- Born: 21 January 1989 (age 37) Tehran, Iran
- Occupation: Journalist
- Notable credit(s): BBC, Channel 4
- Website: www.saharzand.com

= Sahar Zand =

British Iranian journalist (born 1989)

Sahar Zand (سحر‌زند, born 21 January 1989), is a British Iranian television and radio presenter, broadcast journalist and documentary maker.
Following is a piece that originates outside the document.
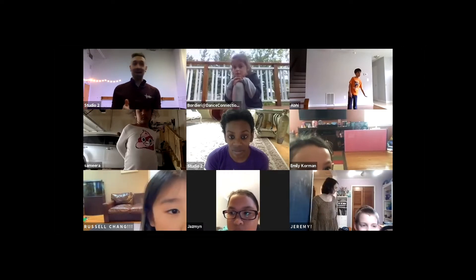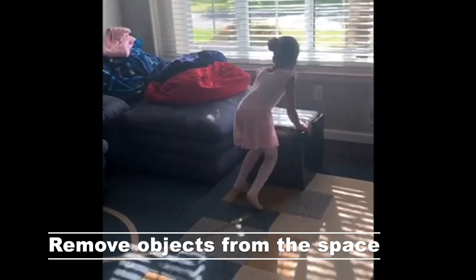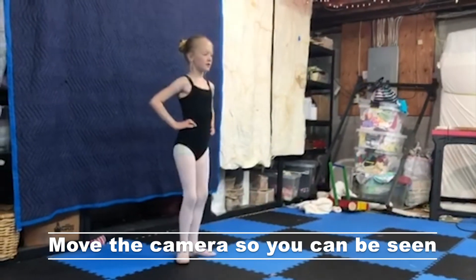Right now, look around and make sure you're in a safe open space. Remove any objects or toys lying on the floor around you. Your teacher needs to see you in order to give you directions, so your device should be in landscape and you should be far enough away so that you can be seen from head to toe. Thank you and enjoy your class.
Zand has worked across the BBC, Channel 4 and other international broadcasters covering breaking news, hard-hitting stories, live events and in-depth investigations in some of the world's most hostile environments.

Her range of domestic and international stories include topics such as Iran Nuclear Deal, the #metoo movement in Bollywood, mental health in Afghanistan, the refugee crisis, climate change, domestic violence, police shootings in the US, war on fake news, fame through social media and Heart and Soul, The plight of Hindus in Bangladesh on 2024 Bangladesh anti-Hindu violence.

== Documentaries ==

Chosen as one of the best reports by BBC's reporters in 2016, Zand's report "The Moroccan warrior women beating men at their own games" showed how Berber women are taking on men and winning in the high-octane and dangerous game of Fantasia, where teams of riders charge together, firing their rifles in unison.

Zand created BBC documentary "Living with the dead", showing the extreme rituals around deaths on the island of Sulawesi in Indonesia, with corpses often kept in family homes for years.

In another FPA-shortlisted BBC documentary "Madness of War", Zand had access to Afghanistan's only secure psychiatric unit and its patients who included former Taliban and Mujahideen fighters, investigating how nearly forty years of various wars have affected the mental health of the country's people.

In 2018, Zand made the documentary "India: Bollywood #MeToo" for Channel 4's current affairs programme "Unreported World", investigating how the #metoo campaign has taken off in India's film industry, meeting leading actresses speaking out against assault, sexual harassment and rape."

== Personal life ==
Zand was born in Tehran, Iran, in 1989. While Zand was a child, her family fled Iran, followed by staying in refugee camps until she as a teenager settled in the UK.

While studying architecture at the University of Kent, she wrote for the university newspaper and learned to produce and direct films, which led to a career within documentary making and journalism. She currently lives in London.